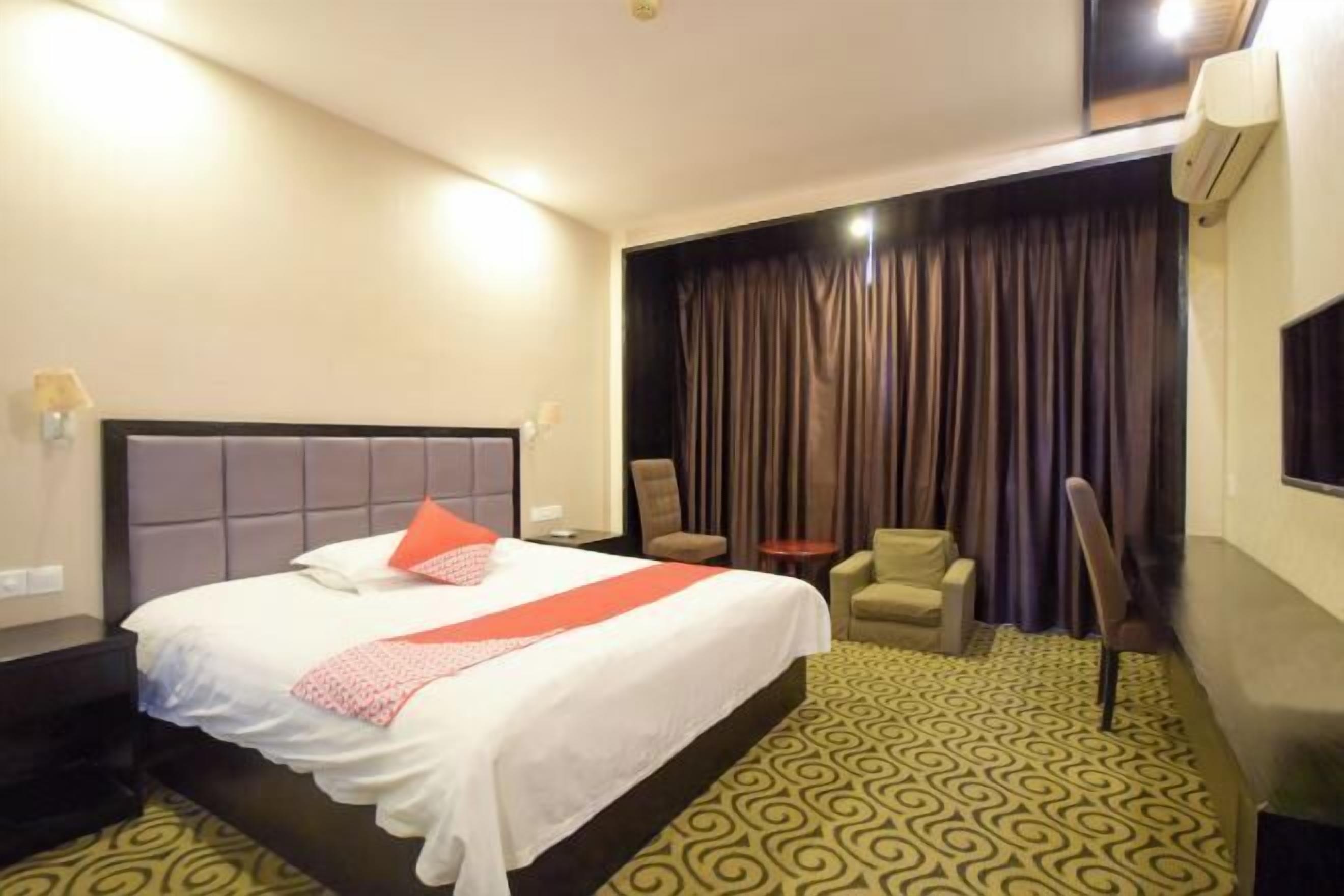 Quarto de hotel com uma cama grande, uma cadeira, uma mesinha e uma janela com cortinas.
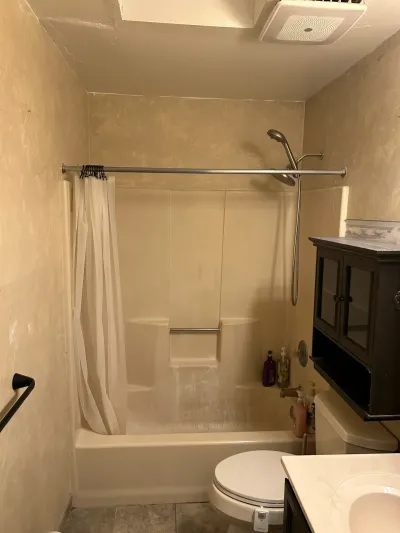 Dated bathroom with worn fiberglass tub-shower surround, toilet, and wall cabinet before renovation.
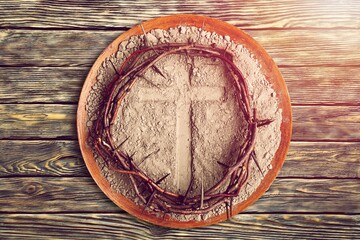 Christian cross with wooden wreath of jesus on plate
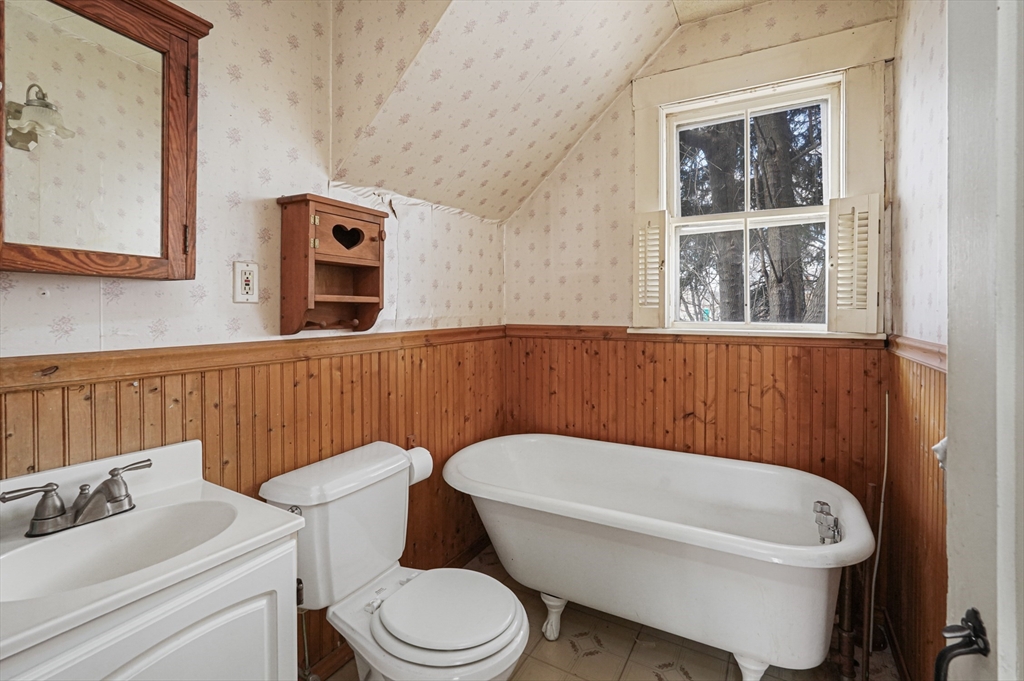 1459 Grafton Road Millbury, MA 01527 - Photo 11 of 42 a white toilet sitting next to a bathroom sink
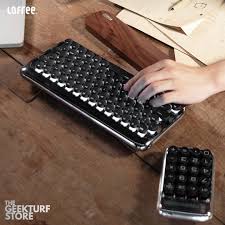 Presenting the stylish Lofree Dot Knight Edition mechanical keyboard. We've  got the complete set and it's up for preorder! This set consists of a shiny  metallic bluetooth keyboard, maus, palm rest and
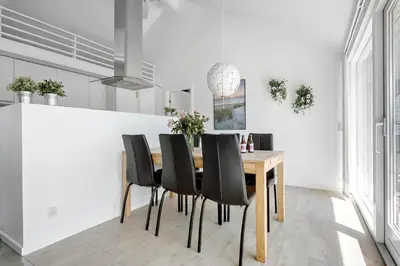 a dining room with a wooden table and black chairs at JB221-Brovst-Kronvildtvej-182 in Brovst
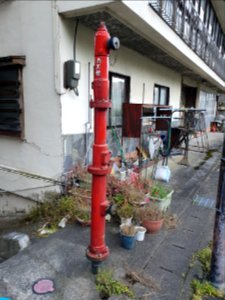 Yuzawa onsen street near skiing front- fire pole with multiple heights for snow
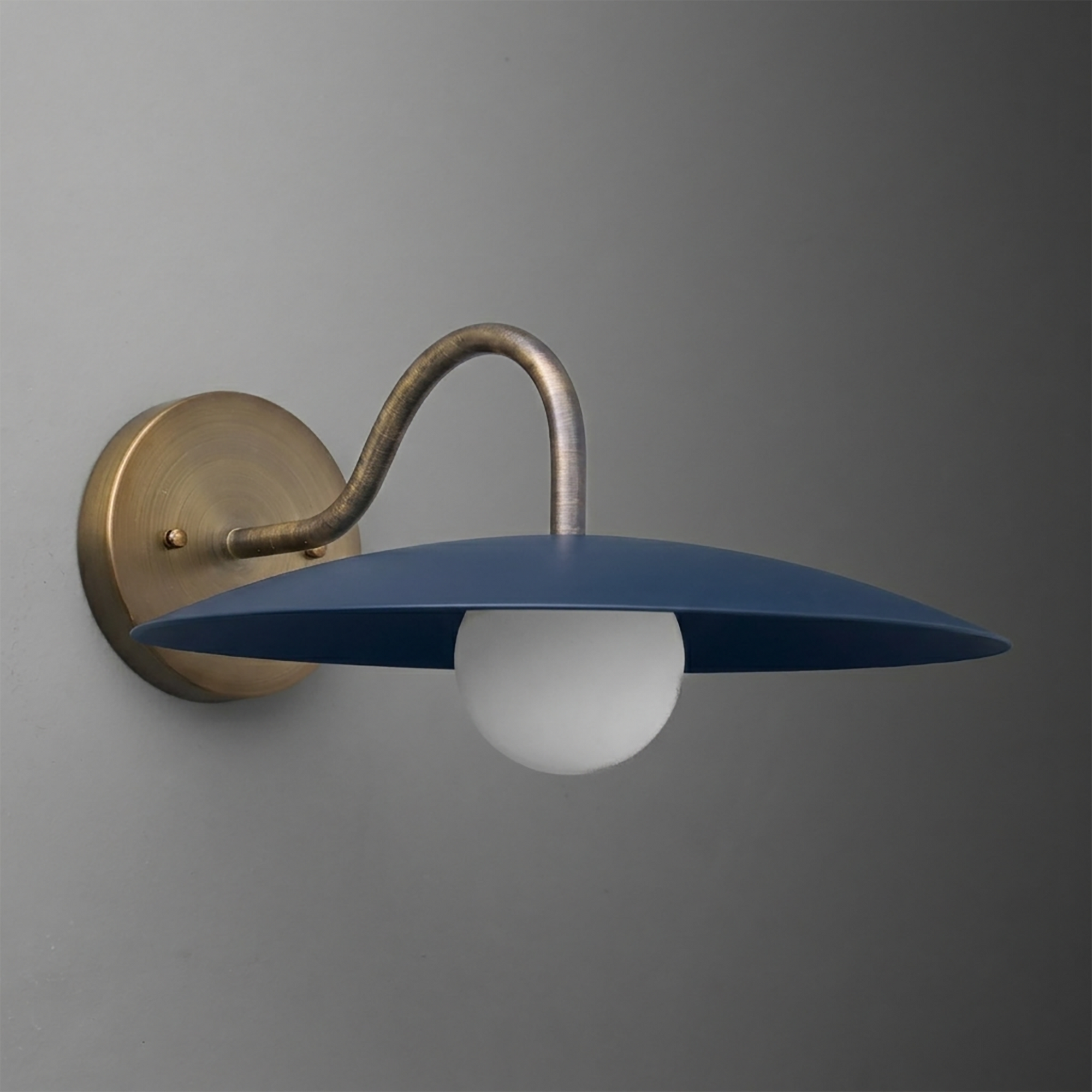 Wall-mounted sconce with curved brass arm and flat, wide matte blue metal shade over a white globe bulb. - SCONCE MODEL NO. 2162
□ □ □ □ □ □ □
◆ DIRECTIONS
Pictures must be left out. Return verbatim only the lines from the line with "a dining room" through the final line of the material above, including both ends.

◆ TASK SOLUTION
 a dining room with a wooden table and black chairs at JB221-Brovst-Kronvildtvej-182 in Brovst
 Yuzawa onsen street near skiing front- fire pole with multiple heights for snow
 Wall-mounted sconce with curved brass arm and flat, wide matte blue metal shade over a white globe bulb. - SCONCE MODEL NO. 2162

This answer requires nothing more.